Well, the Dark Horse is rather grippy. For all its power, it doesn’t drive like it’s on casters. Ford sends this thing out the door with 305/30R19 front tires. The backs are 315/30R19s, both ends being Pirelli P Zero Trofeo RSs. A full replacement set will run you about two and a half grand. In a way, it’s the tires that overwhelm the engine rather than the other way around.

How does that straightforward question of traction translate to the experience of taking this thing on a track day? Honestly, this is an easier car to read than the M2 or Zismo. At least, it’s an easier car to come to grips with, to get familiar with, to get comfortable with, and quickly. You get an immediate feel from those gigantic tires, even if the electric power steering is virtually dead. It’s a hungry car, the Dark Horse, and it wants to gobble up track time.

Once you’re in a comfortable place, though, the Dark Horse lacks the body control of the rest of the dedicated two-door sports cars we brought along to compare it to.

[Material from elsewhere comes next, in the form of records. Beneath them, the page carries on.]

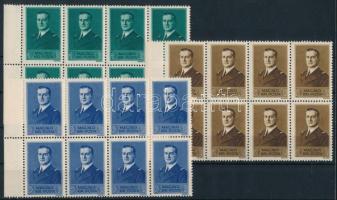 1938 Kormányzói arcképsor I. sor ívszéli 8-as tömbökben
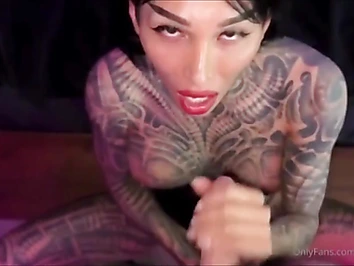 Sexy ladyboy having a great time with male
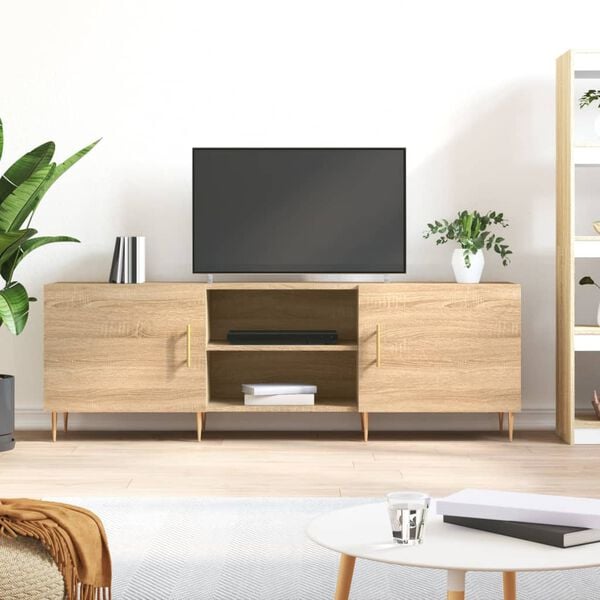 vidaXL Mobile Porta TV Rovere Sonoma 150x30x50 cm in Legno Multistrato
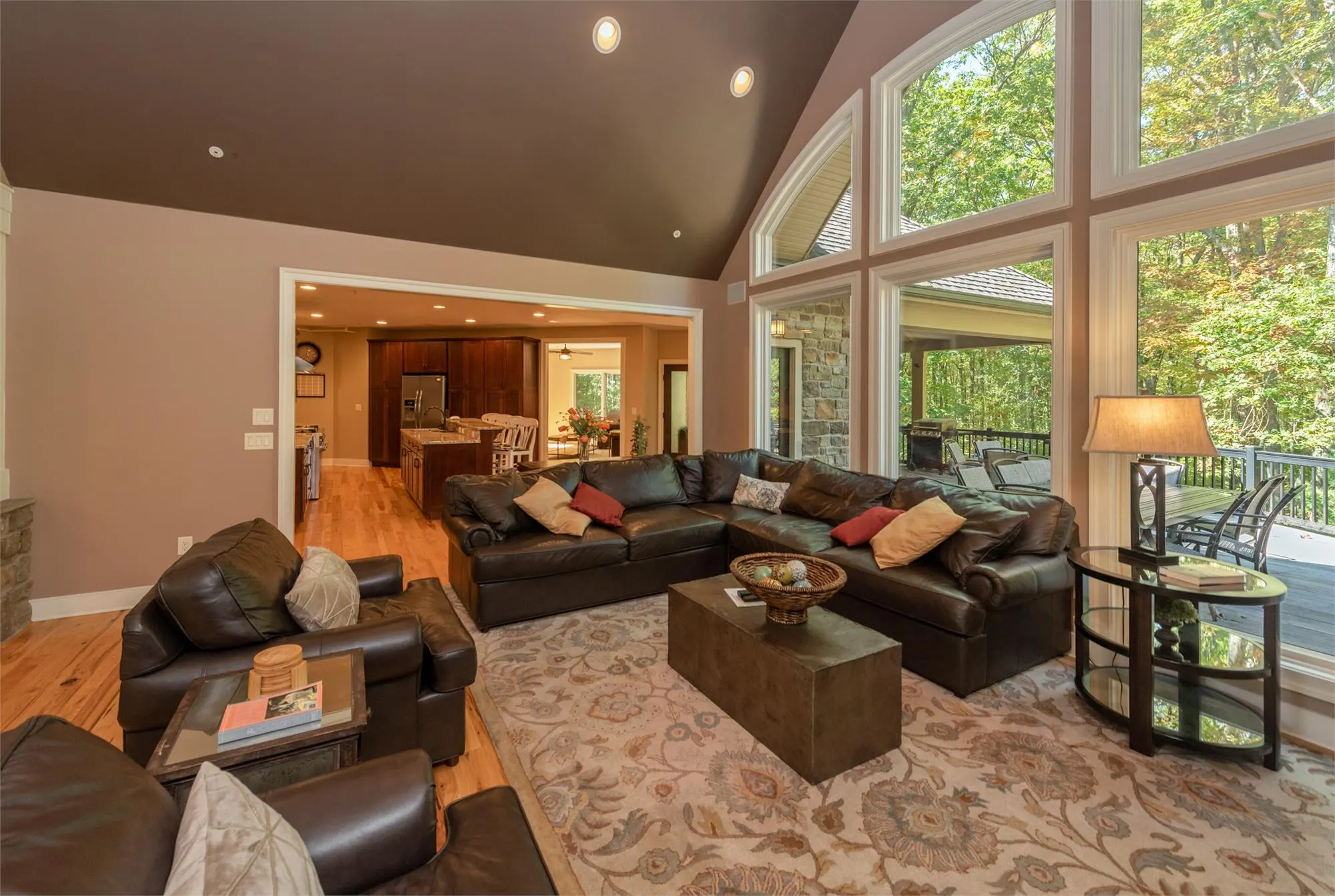 Living room seating area with comfortable furnishings and natural light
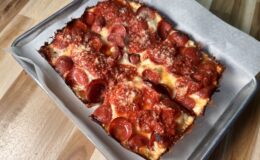 Mutant Brewing Co Detroit Style Pizza with Pepperoni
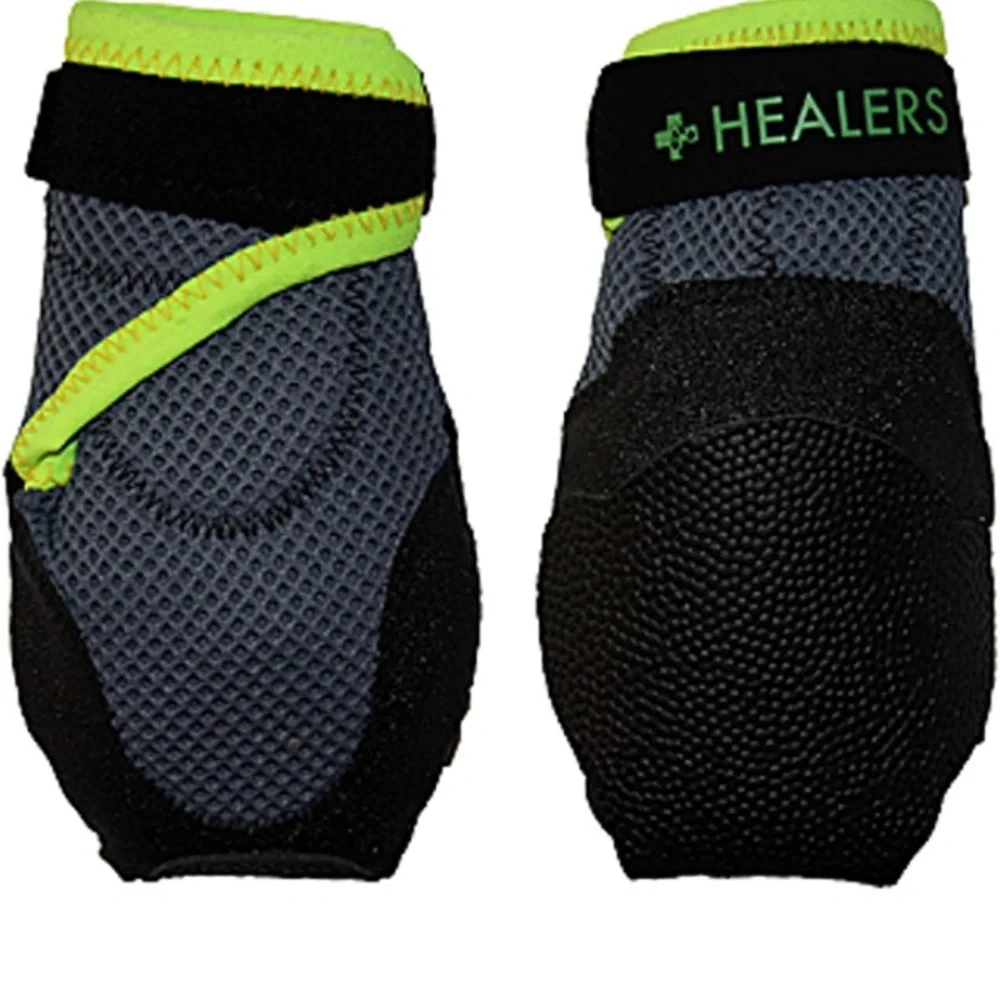 Healers Dog Boots for Paw Protection with Non Slip Sole, Reflective Pet Booties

The BMW M2, the Nissan Nismo Z, these vehicles don’t heave you around and settle like this Mustang. A lot of that is the weight of the Mustang, though some of that has to do with Ford sending us this particular car without its optional deeply bolstered Recaro seats.

Some moments of ungainliness come from the physical size of the vehicle. Again, this is a large machine. Ford puts a Mustang badge on the front but it just as well could put Grand Torino on there. It is big and it feels big, commanding a much greater view from the driver’s seat than the actual five-door family car we brought on this test, the Acura Integra Type S. There’s nothing that Ford’s performance team can do about that. It’s nothing that even the largest tires on Earth could hide.

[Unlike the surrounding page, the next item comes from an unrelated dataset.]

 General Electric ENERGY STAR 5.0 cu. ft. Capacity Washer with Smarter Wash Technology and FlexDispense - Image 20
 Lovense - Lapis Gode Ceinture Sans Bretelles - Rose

2024 ford mustang dark horse
Andi Hendrick

What am I saying? On the track, when all I’m thinking about is turn-in and power-out and carrying speed, sure, the tires dominate the experience. I am focused on grip and handling. On the road? No. Wheeling up and down California’s Coast Range, all the tires are doing is keeping me alive as I get greedier and greedier with the throttle, all to hear the engine run out.

This 5.0-liter Coyote gets twin intakes, two big nostrils gulping in air. The noise is addictive. It’s so good! It was in tight competition with the Lamborghini as the best-sounding car here, regularly turning people’s heads as it tore by.

2024 ford mustang dark horse
Andi Hendrick and Greg Pajo

Forget lap times. Forget exact specifications and tire compounds and horsepower figures. This car is fun. You drive it laughing and screaming, daring yourself to push harder. And I did drive this car hard. On roads that tight, on mountain passes that narrow, that this Mustang was able to keep up with a very expensive pack of cars was not a given.

The Dark Horse sounds too good for me to say anything bad about it. The intake washes over everything else about it. I loved this car at 4000 pounds. I would have loved it at 5000 pounds, 10,000 pounds if it still sounded like that, pulled like that. If it had that grip and that roar and that third pedal, I would have loved it if had a steering wheel out of a bus. On a good road, the Dark Horse drags you to its side. Driving the car hard, you don’t wish that you were in something smaller or lighter. It doesn’t make you yearn for a Miata.

It operates in its own world, its own time. Big weight, big power, big engine, big tires. Car real big. Everything big. It’s big boy season in the Dark Horse. Everything else can steer clear.